The government’s decision to freeze housing benefit rates next year, leaving private tenants facing financial hardship, has been labelled “nonsensical”.
Although the move not to uprate Local Housing Allowance (LHA) wasn’t announced in yesterday’s Budget, it has been confirmed by Work and Pensions Secretary Liz Kendall.
NRLA policy director Chris Norris (main image) believes it doesn’t make sense to provide support for housing costs that bear no resemblance to rents as they actually are. “Coupled with tax hikes on the supply of homes to rent, announcements today will make it hardest of all for those claiming benefits to access and sustain tenancies in the rented sector,” says Norris.
The benefit was frozen from 2020 until former chancellor Jeremy Hunt tweaked it in his Autumn Statement last year to cover the bottom 30% of market rents from April.
However, sharply rising private rents have led to them significantly outstripping the LHA cap, meaning that almost every group within the PRS has argued that the gap has become so great that it has been driving homelessness.

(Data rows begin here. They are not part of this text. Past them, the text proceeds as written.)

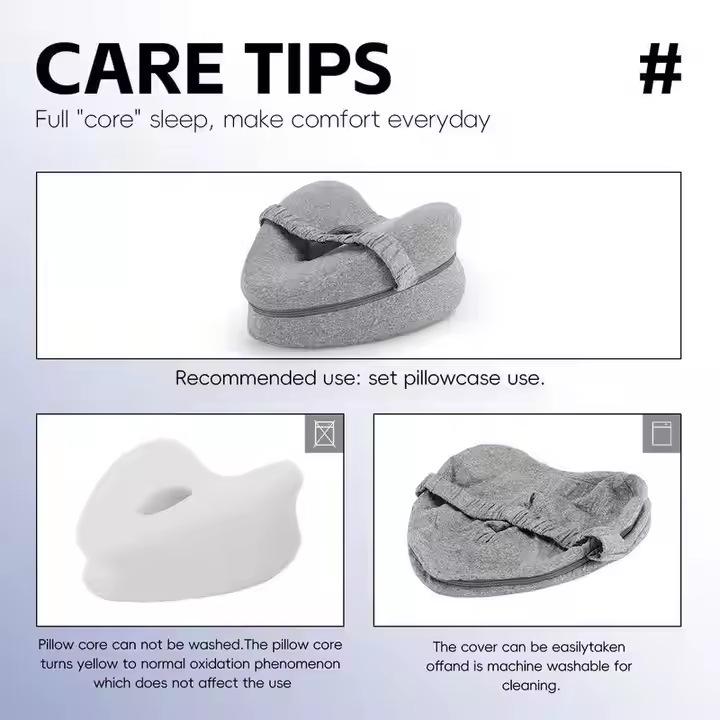 Ergonomic Memory Foam Leg Pillow for Pregnant Women - Heart-shaped, Knee and Leg Support pillow
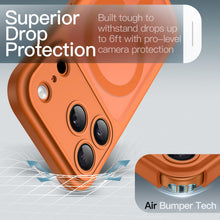 Carica l'immagine nel visualizzatore di Gallery, JETech Cover Magnetica Opaca per iPhone 17 Pro Max, Arancione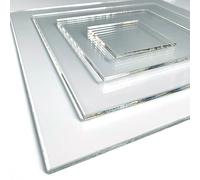 Plaque de verre synthétique 6 mm. Feuille de verre acrylique transparent. Verre synthétique transparent. Verre acrylique extrudé. PMMA XT 6mm. - 50 x 110 cm (500 x 1100 mm) -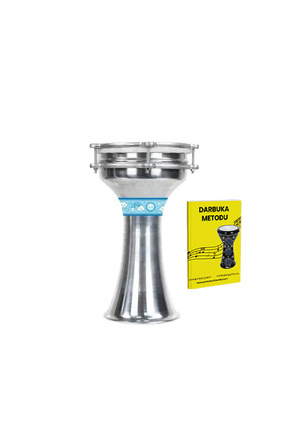 Midex DBK-01BL Çocuklar İçin1 Numara Alüminyum Darbuka Seti 30x17 cm)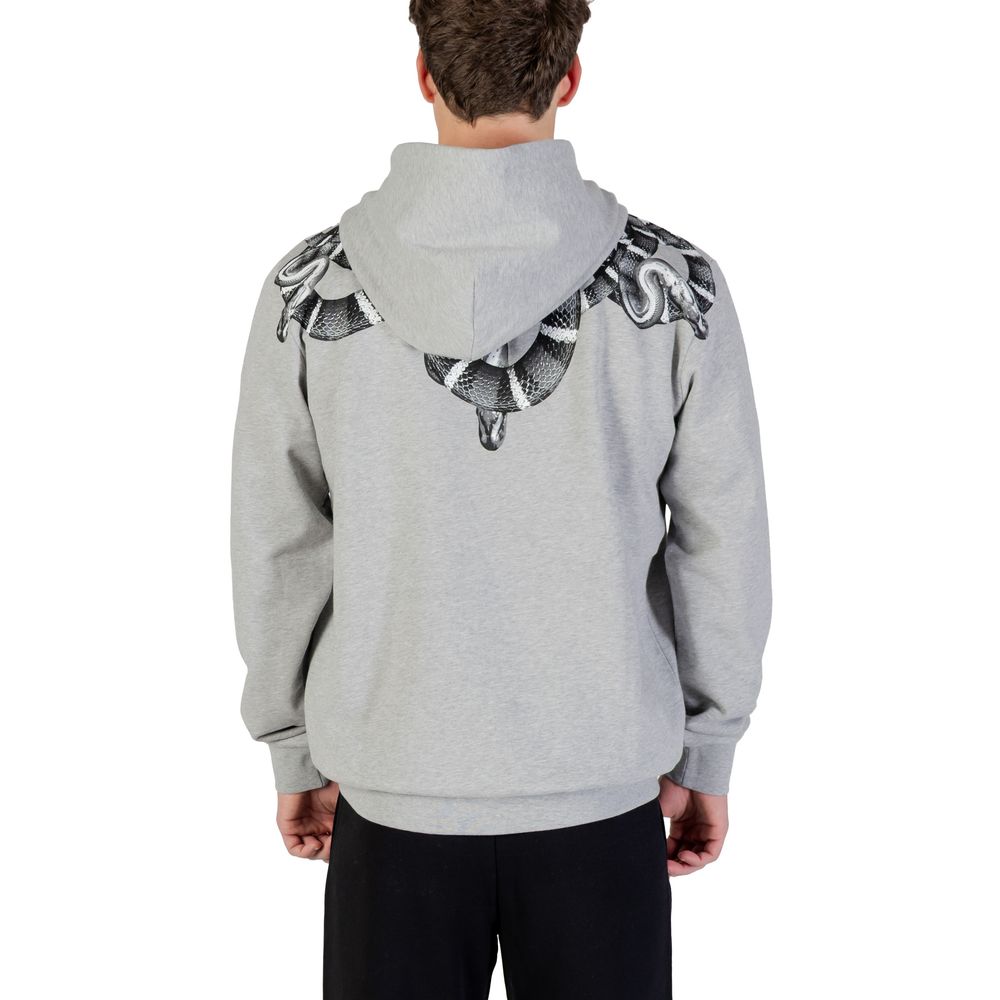 Gray Cotton Hoodie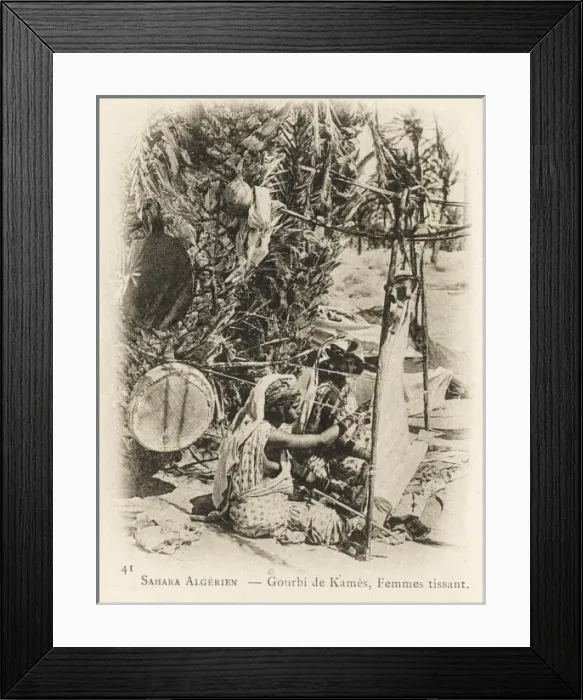Framed Print : Weaving - Southern Algeria Framed Print : Weaving - Southern Algeria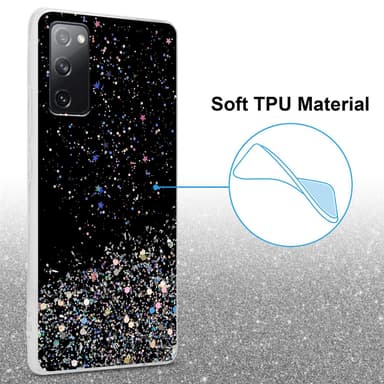 Samsung Galaxy S20 FE Suojakuori Kotelo (Musta)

Paul Kissack (pictured), chief executive of the Joseph Rowntree Foundation, says the Chancellor’s actions won’t be enough to fix the foundations for millions who struggle in devastating hardship.
“It’s deeply worrying that we haven’t seen changes to social security that will seriously bring down hardship,” he adds. “In particular, private renters will feel let down by the choice to keep Local Housing Allowance frozen meaning that it will become further out of step with local rent levels, which have soared in recent years.”
The charity’s research found renters would be £243 worse off in 2025/26 and £703 poorer by the end of parliament in 2029 if LHA remains frozen. That would see 50,000 private renters in poverty, including 30,000 children, over the next five years, the organisation claims.